Emphysematous gastritis is a rare and serious condition characterized by evidence of intramural air and inflammation of the gastric wall as well as systemic toxicity. It is generally caused by local infection by gas-forming organisms through a mucosal defect or via hematogenous spread from a distant focus.1 Since emphysematous gastritis has a fulminant course with a mortality rate of 60%, prompt recognition as well as early treatment are crucial.2 Here, we present a case of a 65 year-old male who presented with abdominal pain and had CT findings consistent with emphysematous gastritis. He was treated with antibiotics and had a swift recovery.


A 65-year-old Caucasian man with past medical history of insulin-dependent diabetes, hypertension, hyperlipidemia, coronary artery disease (with history of three myocardial infarctions and stent placements), and peptic ulcer disease presented to Thomas Jefferson University Hospital with two weeks of loose stools and two days of nausea, vomiting and diffuse abdominal pain. In the emergency room, the patient had a temperature of 96.8oF, heart rate of 99 beats per minute, blood pressure of 95/58 mmHg, respiratory rate of 22 breaths per minute, and oxygen saturation of 96% on 3L of oxygen. His cardiac and respiratory exams were unremarkable. His abdominal exam was notable for hypoactive bowel sounds and pain with deep palpation. He was tympanic to percussion. He did not have peritoneal signs. Labs were significant for a white blood cell count of 11.3 B/L (normal range = 4-11 B/L) and lactate of 1.0 mmol/L (normal range = 0.5-2.2 mmol/L) on presentation, which was repeated 6 hours later and found to have increased to 2.5 mmol/L. He underwent a CT scan of the abdomen which revealed a distended stomach with foci of intramural air, with air extending into the portal venous system (Figure 1).
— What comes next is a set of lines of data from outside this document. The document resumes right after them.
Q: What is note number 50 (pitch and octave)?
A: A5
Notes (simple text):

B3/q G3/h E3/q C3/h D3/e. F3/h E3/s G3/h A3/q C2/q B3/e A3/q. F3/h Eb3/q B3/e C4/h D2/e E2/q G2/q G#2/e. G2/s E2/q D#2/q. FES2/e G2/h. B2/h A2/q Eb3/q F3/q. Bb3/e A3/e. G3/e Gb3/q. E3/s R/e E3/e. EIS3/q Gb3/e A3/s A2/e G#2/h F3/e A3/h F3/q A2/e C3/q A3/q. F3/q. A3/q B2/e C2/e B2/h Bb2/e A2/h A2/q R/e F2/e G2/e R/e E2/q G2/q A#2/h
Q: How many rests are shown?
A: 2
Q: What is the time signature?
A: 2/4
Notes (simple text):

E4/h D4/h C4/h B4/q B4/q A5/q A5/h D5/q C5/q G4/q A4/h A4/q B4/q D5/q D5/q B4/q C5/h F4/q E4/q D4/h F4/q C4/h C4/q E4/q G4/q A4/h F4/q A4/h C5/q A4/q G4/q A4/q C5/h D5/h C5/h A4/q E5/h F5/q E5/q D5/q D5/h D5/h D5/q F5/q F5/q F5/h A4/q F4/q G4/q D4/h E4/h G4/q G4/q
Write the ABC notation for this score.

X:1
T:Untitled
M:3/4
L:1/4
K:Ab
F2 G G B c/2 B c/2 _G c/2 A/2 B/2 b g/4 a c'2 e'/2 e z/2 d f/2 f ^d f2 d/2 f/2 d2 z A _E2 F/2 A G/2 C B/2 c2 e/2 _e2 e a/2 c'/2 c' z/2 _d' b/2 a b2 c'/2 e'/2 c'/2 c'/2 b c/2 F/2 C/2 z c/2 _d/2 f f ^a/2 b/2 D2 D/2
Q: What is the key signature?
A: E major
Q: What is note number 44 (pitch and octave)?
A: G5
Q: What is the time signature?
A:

Soon after presentation, the patient became hypotensive to a systolic blood pressure of 85 mmHg and was resuscitated with 3L normal saline. He was sent to the intensive care unit where he received an additional 2L normal saline. His blood pressure responded appropriately. Surgery was consulted regarding the intramural air found on CT scan. However, since the patient did not have an acute abdomen, they deemed that he would not need emergent surgery. It was also decided that an esophagogastroduodenoscopy (EGD) would be too high risk given the increased risk of perforation. He was medically managed with antibiotics and supportive care. He was allowed nothing-by-mouth, pan- cultured, and started on a pantoprazole infusion and broad spectrum antibiotics (vancomycin, aztreonam, and metronidazole.